Sia Reveals Why She Adopted Two Teenage Boys Last Year
For someone whose crippling stage fright necessitates a face-covering wig, Sia sure knows how to grab our attention. Just before dropping a brand-new single today, the “Chandelier” singer revealed that she is a real-life hero and adopted two teenage boys last year.
“I actually adopted two sons last year,” she said on Tuesday in an interview with SiriusXM’s The Morning Mash Up. “They were 18. They’re both 19 years old now. They were aging out of the foster care system. Yeah, and I love them.”

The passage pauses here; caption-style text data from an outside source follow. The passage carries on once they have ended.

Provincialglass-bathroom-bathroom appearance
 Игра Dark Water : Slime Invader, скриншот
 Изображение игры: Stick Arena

This explains a mystery we’ve been wondering about since January (1,000 years ago), when Sia dropped the most interesting quote in an interview with GQ about her friend Diplo: “This year I wrote him a text, and I said, ‘Hey, listen, you’re like one of five people that I’m sexually attracted to, and now that I’ve decided to be single for the rest of my life and I just adopted a son, I don’t have time for a relationship. … If you’re interested in some no-strings sex, then hit me up.”

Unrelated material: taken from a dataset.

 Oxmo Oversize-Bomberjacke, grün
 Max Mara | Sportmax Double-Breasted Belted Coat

That sentence scrambled our brains quite a bit, but she made no effort to clarify the adoption thing until now. She was on the radio show to promote her new single, “Together,” out on Wednesday. Whether she meant it or not, that’s a fitting name for life during quarantine with her new sons.
“They are both finding it pretty difficult, one more so than the other,” she said of how they’re handling the lockdown. “But they’re both doing things that are really good for them right now, that are really helpful. They’re really doing a lot of educational stuff that’s good for them.”
Sia has long been an advocate of adopting animals, and it seems the Australian born singer was moved to extend her generosity even further last year.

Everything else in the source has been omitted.